Should we be standardizing on the units of measure of the data that we are logging?

I’m so accustomed to using Fahrenheit for temperature but celcius might make more sense.

  1. Practically the whole rest of the world uses celcius
  2. Many libraries for temperature sensors default to celcius

Is the resolution of a single celcius degree enough or should we record it to the tenth of a degree?

Reference
For a temperature of 50 - 80 degrees Fahrenheit the equivalent is 10 - 26.7 degrees celcius.

Anyone have any thoughts on the matter?

We can discuss gallons/liters later :wink:


#2

Short answer: Record your measurements in tenths of a Celsius degree. But, set your code up so you can pick the format you are most intuitively familiar with for viewing charts. If using Celsius means you will be constantly doing conversions in your head to Fahrenheit, why go through that hassle? Granted, metric is better in so many ways. But, in the US, it’s not the standard.

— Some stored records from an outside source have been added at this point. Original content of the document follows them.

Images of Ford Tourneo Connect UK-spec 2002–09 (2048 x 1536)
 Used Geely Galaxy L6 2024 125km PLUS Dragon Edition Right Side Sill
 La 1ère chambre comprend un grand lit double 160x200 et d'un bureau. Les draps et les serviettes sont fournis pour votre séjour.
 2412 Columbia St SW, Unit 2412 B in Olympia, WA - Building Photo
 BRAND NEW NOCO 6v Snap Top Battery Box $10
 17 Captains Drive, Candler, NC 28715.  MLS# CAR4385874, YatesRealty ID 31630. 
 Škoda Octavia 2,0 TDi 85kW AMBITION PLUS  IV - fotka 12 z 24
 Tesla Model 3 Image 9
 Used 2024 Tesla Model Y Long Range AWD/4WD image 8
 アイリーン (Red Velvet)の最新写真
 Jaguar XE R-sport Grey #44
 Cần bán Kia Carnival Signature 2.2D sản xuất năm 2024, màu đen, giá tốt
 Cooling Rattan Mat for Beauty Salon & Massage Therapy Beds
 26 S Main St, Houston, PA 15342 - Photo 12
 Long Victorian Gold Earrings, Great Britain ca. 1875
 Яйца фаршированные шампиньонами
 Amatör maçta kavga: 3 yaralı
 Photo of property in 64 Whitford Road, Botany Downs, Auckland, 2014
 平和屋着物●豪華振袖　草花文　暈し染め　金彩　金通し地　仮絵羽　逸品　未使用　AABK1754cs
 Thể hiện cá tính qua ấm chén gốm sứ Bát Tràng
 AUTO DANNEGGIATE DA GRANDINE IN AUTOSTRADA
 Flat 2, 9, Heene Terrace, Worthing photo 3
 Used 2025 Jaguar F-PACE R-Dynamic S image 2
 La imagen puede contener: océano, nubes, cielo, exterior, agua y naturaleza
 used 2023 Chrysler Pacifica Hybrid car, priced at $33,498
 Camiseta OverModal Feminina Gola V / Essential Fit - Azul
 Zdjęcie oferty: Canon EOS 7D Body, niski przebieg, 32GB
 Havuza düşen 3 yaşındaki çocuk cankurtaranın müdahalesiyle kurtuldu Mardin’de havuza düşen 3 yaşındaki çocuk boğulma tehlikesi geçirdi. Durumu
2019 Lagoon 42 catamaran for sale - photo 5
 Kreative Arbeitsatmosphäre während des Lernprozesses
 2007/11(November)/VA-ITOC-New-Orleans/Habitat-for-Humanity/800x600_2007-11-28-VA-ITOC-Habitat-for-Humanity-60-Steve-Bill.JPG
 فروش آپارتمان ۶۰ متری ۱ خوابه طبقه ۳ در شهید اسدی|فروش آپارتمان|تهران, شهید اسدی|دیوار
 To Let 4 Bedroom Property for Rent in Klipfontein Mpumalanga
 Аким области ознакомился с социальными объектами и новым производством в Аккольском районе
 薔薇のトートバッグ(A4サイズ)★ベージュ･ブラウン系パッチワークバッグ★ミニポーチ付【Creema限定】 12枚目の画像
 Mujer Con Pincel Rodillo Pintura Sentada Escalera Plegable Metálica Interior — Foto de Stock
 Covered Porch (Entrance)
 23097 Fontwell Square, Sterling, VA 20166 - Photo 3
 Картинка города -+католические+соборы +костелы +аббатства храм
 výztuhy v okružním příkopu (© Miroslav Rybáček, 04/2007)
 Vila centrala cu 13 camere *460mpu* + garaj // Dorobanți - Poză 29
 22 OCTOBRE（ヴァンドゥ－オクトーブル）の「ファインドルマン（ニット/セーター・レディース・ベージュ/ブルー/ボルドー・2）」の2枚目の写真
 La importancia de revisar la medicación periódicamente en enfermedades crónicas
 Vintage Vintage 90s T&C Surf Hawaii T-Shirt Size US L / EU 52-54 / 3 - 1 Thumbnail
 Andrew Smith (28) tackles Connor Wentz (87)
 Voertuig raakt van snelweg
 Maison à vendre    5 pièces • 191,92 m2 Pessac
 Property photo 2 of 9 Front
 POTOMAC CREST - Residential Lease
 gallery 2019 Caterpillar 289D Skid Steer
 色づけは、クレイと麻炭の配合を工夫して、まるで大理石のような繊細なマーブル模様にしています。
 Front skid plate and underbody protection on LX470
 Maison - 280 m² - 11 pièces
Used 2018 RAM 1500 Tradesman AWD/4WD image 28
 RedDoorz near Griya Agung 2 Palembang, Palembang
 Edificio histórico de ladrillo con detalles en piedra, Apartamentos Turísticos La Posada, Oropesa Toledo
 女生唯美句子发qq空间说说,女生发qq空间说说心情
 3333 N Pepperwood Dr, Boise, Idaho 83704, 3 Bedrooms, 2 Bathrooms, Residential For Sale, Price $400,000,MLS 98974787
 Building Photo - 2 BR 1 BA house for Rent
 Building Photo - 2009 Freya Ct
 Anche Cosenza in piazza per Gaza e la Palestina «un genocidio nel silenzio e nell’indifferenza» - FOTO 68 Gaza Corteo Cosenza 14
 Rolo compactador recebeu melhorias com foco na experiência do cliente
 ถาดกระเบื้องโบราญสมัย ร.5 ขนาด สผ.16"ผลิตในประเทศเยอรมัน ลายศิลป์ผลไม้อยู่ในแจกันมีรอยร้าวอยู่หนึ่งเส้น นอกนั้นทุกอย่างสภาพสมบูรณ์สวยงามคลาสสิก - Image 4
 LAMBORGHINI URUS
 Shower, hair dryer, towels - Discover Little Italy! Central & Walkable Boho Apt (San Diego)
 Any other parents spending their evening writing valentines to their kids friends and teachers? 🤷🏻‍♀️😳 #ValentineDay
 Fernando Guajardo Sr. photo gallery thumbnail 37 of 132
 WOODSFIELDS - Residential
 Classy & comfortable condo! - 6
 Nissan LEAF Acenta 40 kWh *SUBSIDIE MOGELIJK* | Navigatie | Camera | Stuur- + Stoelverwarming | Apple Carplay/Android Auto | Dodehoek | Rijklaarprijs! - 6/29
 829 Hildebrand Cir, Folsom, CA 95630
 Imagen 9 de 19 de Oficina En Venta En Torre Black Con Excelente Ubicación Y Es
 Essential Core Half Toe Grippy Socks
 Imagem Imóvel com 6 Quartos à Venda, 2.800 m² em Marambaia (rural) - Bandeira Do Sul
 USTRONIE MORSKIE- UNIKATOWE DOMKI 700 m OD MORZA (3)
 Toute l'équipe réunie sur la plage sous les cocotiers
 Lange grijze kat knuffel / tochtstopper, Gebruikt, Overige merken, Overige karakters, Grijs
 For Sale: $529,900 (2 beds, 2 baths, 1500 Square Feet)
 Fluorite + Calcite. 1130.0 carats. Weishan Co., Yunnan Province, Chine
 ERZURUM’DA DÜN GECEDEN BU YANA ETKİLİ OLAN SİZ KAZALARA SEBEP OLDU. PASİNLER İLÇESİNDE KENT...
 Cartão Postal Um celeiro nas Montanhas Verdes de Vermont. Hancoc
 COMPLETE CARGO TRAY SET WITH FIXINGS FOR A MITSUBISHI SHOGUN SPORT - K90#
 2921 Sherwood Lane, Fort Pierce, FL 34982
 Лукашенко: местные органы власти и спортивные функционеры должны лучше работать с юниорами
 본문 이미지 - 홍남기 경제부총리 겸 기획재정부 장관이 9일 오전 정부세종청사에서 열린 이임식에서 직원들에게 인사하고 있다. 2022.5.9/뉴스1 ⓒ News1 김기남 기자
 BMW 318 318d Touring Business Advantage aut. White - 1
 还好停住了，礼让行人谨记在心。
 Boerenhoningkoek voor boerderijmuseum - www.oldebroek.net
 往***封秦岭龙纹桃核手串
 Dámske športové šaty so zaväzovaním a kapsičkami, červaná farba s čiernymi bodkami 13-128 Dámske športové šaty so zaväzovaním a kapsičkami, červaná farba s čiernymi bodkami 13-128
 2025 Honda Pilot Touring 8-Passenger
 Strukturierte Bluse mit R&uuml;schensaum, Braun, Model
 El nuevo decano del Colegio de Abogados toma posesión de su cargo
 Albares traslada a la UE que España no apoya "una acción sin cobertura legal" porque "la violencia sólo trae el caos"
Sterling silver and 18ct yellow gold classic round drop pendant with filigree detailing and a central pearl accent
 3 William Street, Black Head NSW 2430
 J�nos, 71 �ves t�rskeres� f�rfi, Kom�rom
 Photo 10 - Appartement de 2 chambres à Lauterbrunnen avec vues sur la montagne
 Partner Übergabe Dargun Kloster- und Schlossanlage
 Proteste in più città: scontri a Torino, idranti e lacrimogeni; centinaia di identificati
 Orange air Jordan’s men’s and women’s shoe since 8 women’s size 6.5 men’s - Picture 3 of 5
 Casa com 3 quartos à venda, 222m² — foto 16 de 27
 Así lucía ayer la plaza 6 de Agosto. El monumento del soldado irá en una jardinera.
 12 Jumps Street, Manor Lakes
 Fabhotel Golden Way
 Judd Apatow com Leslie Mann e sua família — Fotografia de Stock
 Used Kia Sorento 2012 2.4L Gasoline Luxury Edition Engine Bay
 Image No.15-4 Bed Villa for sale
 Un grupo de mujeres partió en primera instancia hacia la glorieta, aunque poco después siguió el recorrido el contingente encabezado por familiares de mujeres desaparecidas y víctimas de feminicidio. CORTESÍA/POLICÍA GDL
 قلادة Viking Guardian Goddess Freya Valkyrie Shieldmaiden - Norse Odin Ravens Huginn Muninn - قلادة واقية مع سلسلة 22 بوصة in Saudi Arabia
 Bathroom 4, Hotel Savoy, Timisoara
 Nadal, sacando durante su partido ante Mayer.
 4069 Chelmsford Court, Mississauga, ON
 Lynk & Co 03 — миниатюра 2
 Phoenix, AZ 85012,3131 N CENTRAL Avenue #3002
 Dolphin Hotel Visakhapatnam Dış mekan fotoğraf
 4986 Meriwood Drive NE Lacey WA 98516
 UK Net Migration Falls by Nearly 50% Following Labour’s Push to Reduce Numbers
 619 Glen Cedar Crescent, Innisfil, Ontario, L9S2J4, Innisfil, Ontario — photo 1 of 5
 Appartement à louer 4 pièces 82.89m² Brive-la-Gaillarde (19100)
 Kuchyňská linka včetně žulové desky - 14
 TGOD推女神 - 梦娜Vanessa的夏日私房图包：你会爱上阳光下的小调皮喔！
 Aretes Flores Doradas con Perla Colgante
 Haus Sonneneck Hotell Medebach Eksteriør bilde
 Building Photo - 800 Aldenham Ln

Long answer: About this time last year, I made a data logging system that I used for microgreens and then lettuce. One of my goals was to make a working example of sharing datasets. At the time, people were talking on the forum about sharing data, but nothing much was happening.

Anyhow, I grew my stuff, took a bunch of pictures, logged temp & humidity, made charts, stuck the datasets up on github, and linked to it in a post here. As far as I can tell, about 5 people looked at my data, and maybe about 2 of them engaged me in conversations about it. Beyond that, nothing much happened. At that time, I was using Celsius, but I don’t remember anybody saying anything to indicate that they cared about my units.

The lesson I took from that experience was that I should focus on collecting data in a format that was most useful to me, because I was probably the only one who would ever be looking at it closely.

For the next generation of my data logging system, I switched to doing temperature charts in Fahrenheit because I’m used to it. Also, lots of the hydroponic and horticultural resources written in the US refer to temperatures in Fahrenheit.

I suggest you log data in whatever format is most useful for your own growing. I suggest that you log data according to good scientific practice and then present it according to whatever is most useful for your own growing. At this point, data sharing in the OpenAg community is mostly just hypothetical–an ambition for the future. So far, lack of compatibility isn’t a practical problem because there’s not much of anything to be compatible or incompatible with. For now, it’s kind of a blank slate where you can do what you want.

edit:

This is an excerpt of what my current logging looks like (Celsius to 0.1 degree, append records to a text file with “%%” as record separator, field separator is “|”):

%%
2018/04/14 23:21:00|
BME280|22.1C|30.2%RH|979.1hPa
%%
2018/04/14 23:24:00|
BME280|22.1C|30.6%RH|979.1hPa
%%
2018/04/14 23:27:00|
BME280|22.1C|30.6%RH|979.0hPa
%%
2018/04/14 23:30:00|
BME280|22.0C|30.6%RH|979.0hPa

And, here’s an example of one of my charts. When I make a chart, I do the Celsius to Fahrenheit conversion in my code.

2018-04-14_charts

In my experience, rounding to integer degrees Celsius is not good. Changes of less than one degree are important. A good way to think about it is like using significant figures for chemistry or physics calculations. If the sensor datasheet says it can give you something like 0.04 °C repeatability for a 12-bit measurement (see Si7021 datasheet), then you could make good arguments for recording measurements with either 0.1 °C or 0.01 °C precision. On the other hand, using 0.001 °C would be claiming precision you didn’t measure, and 1 °C would be throwing a lot of your measured precision away.


#3

@wsnook Celsius to the tenth it is then (for the logged data).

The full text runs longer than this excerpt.